В день, когда вышла газета, вечером к Роману в редакцию зашел руководитель киностудии.

— И молчал! — сказал он укоризненно, смахивая с головы «киношную» кепочку с длинным козырьком. — А ведь обещал...

— Что обещал? — не понял Роман.

— Ай, ай, ай! — так же укоризненно продолжал Михаил Михайлович. — Обещал помогать киностудии сценариями. Ведь было?

— Ну, как из этого очерка сценарий сделаешь? — вяло возразил Роман. — Человек погиб. Иллюстративного материала почти нет. Что снимать-то?

— Ни черта ты не понимаешь! — взорвался Михаил Михайлович. — Это же просто сенсация! Мы с таким фильмом на всю страну прогремим...

Роман скептически покачал Головой.

— Экий ты инертный! — начал сердиться Михаил Михайлович, живо вскочил, обежал вокруг Бессонова, ударил его по плечу. — Сам раскопал и теперь сомневаешься?

— Трудности еще в том, что мы очень мало знаем о его жизни в Болгарии. И как без съемок в Болгарии можно сделать такой фильм?

— Вот это ты дело говоришь, — одобрил Михаил Михайлович. — Мы обязательно поедем в Болгарию.

Роман усмехнулся.

— Не веришь? Ну и зря. Плохо, значит, ты меня знаешь!

Действительно, Роман, видимо, плохо знал Михаила Михайловича. Во всяком случае, тот позвонил на следующее утро и торжествующе сообщил:

— Вот так, записывай. Семнадцатого августа мы едем. В завкоме путевок, конечно, уже не было, но я через обком профсоюза пробил. На Золотые пески...

— Но Золотые пески, если не ошибаюсь, это море, — слабо возразил в душе еще не верящий счастью Роман. — А нам нужны горы.

— Ты в Болгарии был? — задал ему резонный вопрос Михаил Михайлович. — Так вот, чтобы ты знал — всю Болгарию на автомобиле за четыре часа проехать можно...

...Поздней ночью поезд пересек границу Болгарии. За окном быстро промелькнули огни пограничной станции Русе, потом с обеих сторон железнодорожного пути нависли мрачные силуэты гор.
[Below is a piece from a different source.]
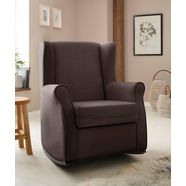 home affaire schommelstoel warin met mooie luxe-microvezel overtrekstof en houten poten, zithoogte 48 cm bruin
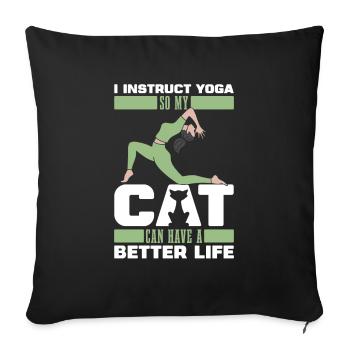 Yoga Teacher Yoga Instructor Cat - Sofa pillowcase 17,3'' x 17,3'' (45 x 45 cm) - black - Front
Напрасно до рези в глазах Роман всматривался в темноту — зыбкие картины, вызванные из пространства, приносили чувство нереальности виденного, выхватывались из темноты то неизвестное дерево с созревшими плодами, то маленький, будто игрушечный домик под красной черепицей, весь обвитый виноградом.

И вдруг, как бывает только на юге, внезапно откуда-то из-за горы всплыло солнце, щедро окрашивая все в золотой цвет и словно говоря: «На, любуйся, вот она — Болгария!» Горы отступили, и поезд помчался по берегу моря.

Роман жадно смотрел в окно, и откуда-то в него вдруг проникла уверенность, что вон те несколько домишек на берегу — Зурбаган, а там, за синим мысом, их встретит гриновский Лисс...

— Ты мой братушка! — сказал Роману шофер экскурсионного автобуса Данчо. — Русские и болгары — все братушки, понимаешь?

Роман кивнул. Его поражало, насколько этот небольшой, в общем-то, народ отлично знает историю и отличается доброй памятью. Где бы советские туристы ни были, какие бы исторические памятники ни посетили, у них всегда находились добровольные гиды, будь то мальчишки или седовласые старики. Увлеченно, со знанием дела они рассказывали гостям о событиях далекого прошлого.